Data shown:
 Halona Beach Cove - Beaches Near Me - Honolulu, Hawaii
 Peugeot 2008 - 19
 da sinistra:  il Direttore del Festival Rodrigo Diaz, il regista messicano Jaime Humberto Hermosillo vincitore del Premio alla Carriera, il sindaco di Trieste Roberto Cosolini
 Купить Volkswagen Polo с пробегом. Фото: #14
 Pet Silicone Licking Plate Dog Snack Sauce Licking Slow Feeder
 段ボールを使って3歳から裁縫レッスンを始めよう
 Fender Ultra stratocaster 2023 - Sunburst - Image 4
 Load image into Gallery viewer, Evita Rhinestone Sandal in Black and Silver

* * *

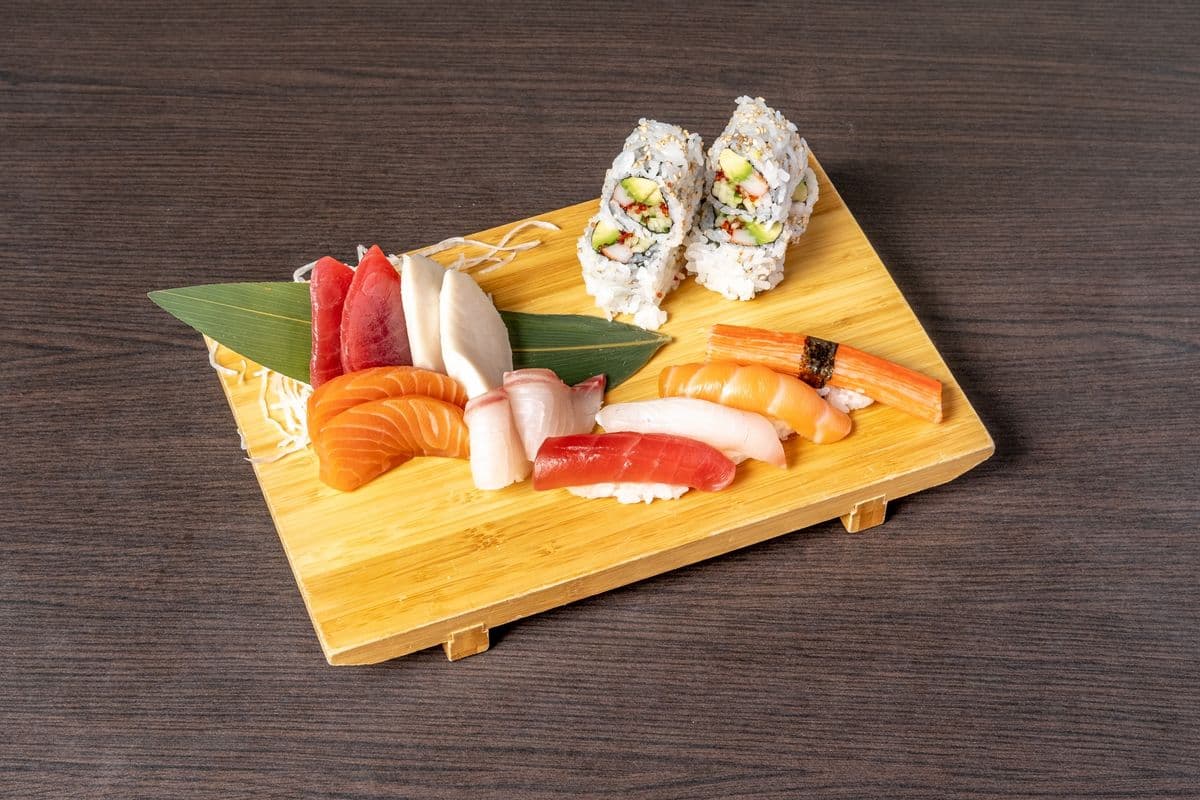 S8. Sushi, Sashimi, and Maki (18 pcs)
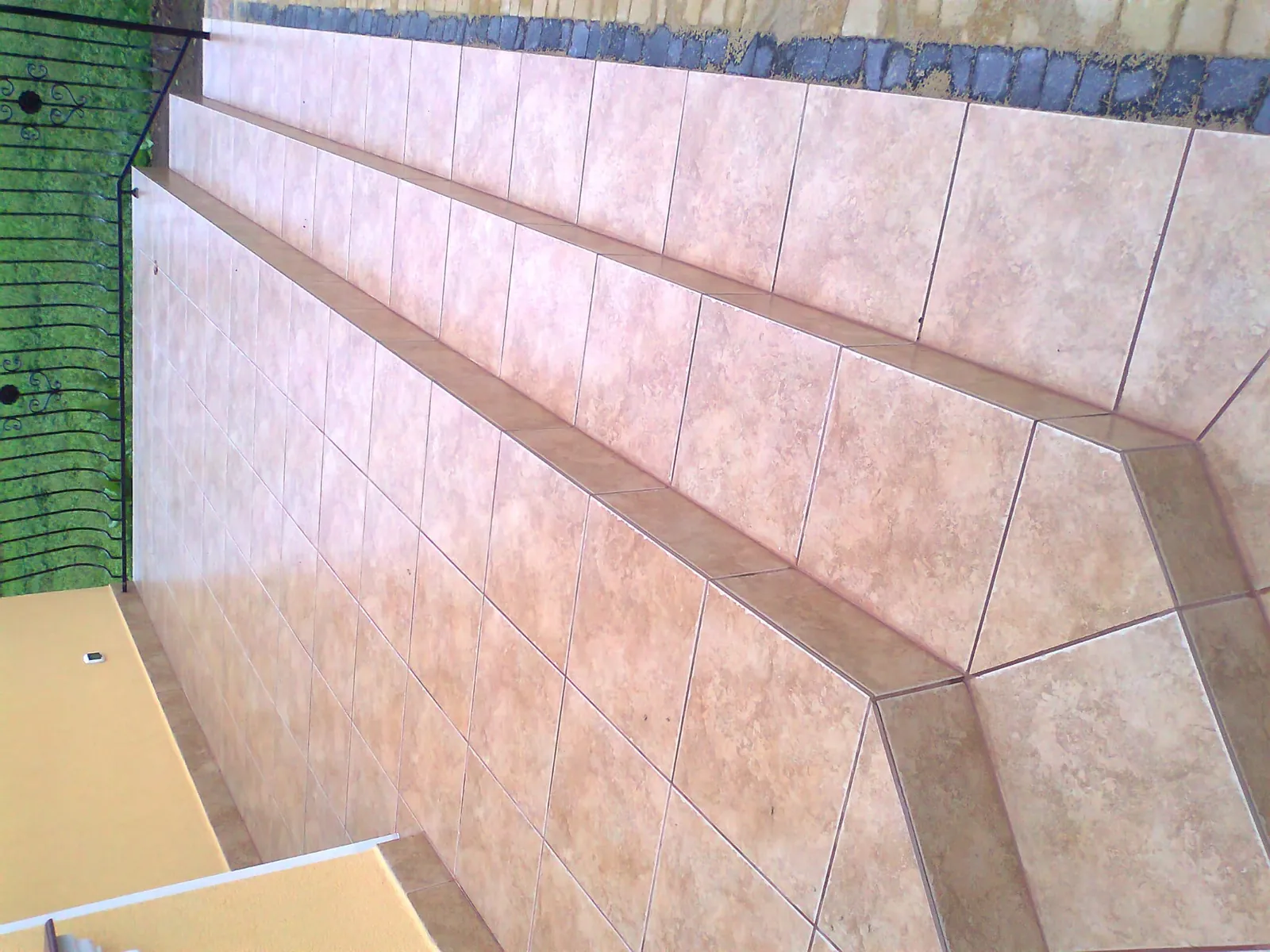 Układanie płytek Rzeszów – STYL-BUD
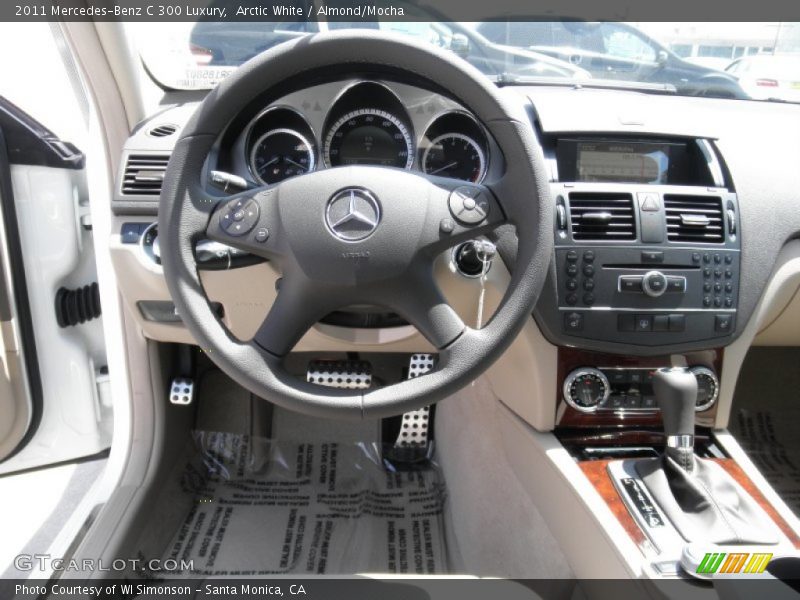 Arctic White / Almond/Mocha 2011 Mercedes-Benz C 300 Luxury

Your task: Within the data above, the span starting at the line containing "Halona Beach Cove" and ending at the line containing "Fender Ultra stratocaster" is to be retyped exactly, with no other lines.

Exercise answer:
 Halona Beach Cove - Beaches Near Me - Honolulu, Hawaii
 Peugeot 2008 - 19
 da sinistra:  il Direttore del Festival Rodrigo Diaz, il regista messicano Jaime Humberto Hermosillo vincitore del Premio alla Carriera, il sindaco di Trieste Roberto Cosolini
 Купить Volkswagen Polo с пробегом. Фото: #14
 Pet Silicone Licking Plate Dog Snack Sauce Licking Slow Feeder
 段ボールを使って3歳から裁縫レッスンを始めよう
 Fender Ultra stratocaster 2023 - Sunburst - Image 4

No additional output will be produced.